2 Some witnesses testified at both the preliminary hearing and the section 1172.6 evidentiary hearing. For the sake of simplicity, we summarize the evidence together.

A.M.3 testified a shooting occurred in the early morning hours of June 5, 2016, near the intersection of Ramona Boulevard and Bogart Avenue in Baldwin Park. At the time, A.M. was a passenger in a car with three men—Andrew Cordia, Robert Alfaro, and Sergio Ortiz. A vehicle pulled up next to them as they were stopped at a red light. A.M. was sure the other vehicle was a car, not a truck.

A.M. said there were three or four men with shaved heads in the other car, and she described them as “kind of cholo-type guys.” Someone in the other car said something about “ ‘Baldwin Park’ ” and then asked, “ ‘where you from?’ ” A.M. heard continuous gunshots, likely more than 10. Everyone in A.M.’s car was struck by bullets, except A.M.

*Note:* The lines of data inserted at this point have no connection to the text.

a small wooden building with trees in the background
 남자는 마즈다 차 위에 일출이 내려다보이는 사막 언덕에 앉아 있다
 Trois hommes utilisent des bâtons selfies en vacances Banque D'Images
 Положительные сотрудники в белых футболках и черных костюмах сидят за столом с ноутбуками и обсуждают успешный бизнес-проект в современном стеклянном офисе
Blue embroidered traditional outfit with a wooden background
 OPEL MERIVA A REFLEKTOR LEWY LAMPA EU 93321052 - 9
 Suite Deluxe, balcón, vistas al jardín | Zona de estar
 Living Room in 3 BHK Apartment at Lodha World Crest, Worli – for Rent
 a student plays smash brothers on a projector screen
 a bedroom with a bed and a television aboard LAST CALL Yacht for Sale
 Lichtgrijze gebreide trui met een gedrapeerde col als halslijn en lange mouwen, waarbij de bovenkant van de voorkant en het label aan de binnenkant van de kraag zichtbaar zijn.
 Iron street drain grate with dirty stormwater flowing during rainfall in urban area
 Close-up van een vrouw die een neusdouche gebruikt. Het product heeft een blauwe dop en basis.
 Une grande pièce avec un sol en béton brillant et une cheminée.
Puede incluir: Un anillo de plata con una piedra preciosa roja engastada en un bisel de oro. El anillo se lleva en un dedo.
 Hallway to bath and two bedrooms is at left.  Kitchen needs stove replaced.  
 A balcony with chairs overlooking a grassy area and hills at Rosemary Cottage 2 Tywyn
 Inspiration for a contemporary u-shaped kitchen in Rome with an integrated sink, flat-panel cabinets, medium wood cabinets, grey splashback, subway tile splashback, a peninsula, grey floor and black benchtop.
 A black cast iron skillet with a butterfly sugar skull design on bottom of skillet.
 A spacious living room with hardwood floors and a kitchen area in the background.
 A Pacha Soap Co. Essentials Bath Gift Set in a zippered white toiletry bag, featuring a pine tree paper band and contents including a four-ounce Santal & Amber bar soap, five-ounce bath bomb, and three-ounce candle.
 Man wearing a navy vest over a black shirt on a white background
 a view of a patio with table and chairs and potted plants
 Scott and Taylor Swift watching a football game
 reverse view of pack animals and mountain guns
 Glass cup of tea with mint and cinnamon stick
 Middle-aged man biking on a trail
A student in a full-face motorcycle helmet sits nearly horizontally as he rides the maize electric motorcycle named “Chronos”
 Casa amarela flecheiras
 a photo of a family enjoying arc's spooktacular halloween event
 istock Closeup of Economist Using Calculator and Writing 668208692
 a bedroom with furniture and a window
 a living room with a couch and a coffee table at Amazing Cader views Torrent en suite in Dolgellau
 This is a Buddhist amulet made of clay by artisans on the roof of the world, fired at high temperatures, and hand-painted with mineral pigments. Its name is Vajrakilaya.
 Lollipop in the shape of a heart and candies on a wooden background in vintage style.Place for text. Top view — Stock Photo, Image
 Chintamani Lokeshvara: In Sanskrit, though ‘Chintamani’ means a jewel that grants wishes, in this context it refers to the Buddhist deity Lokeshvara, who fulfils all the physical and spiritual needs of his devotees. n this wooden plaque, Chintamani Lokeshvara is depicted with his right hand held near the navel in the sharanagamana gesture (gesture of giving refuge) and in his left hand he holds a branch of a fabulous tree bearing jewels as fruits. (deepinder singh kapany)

Police officer Alexis Rodriguez testified he was driving a patrol car along Ramona Boulevard in Baldwin Park the morning of the shooting. At 1:44 a.m., he noticed a pickup truck traveling in the opposite direction at a high rate of speed. Nolazco-Loza was driving, and Palomares was in the passenger seat.

Palomares had his torso and head outside the passenger-side window. He was holding a dark object that looked like a stick.

Rodriguez noticed a sedan driving close to Nolazco-Loza’s truck. The sedan and truck were going the same speed in the same direction, and Rodriguez described them as traveling “in tandem.” Rodriguez made a U-turn and started following the vehicles. As he got closer, the sedan turned down another street.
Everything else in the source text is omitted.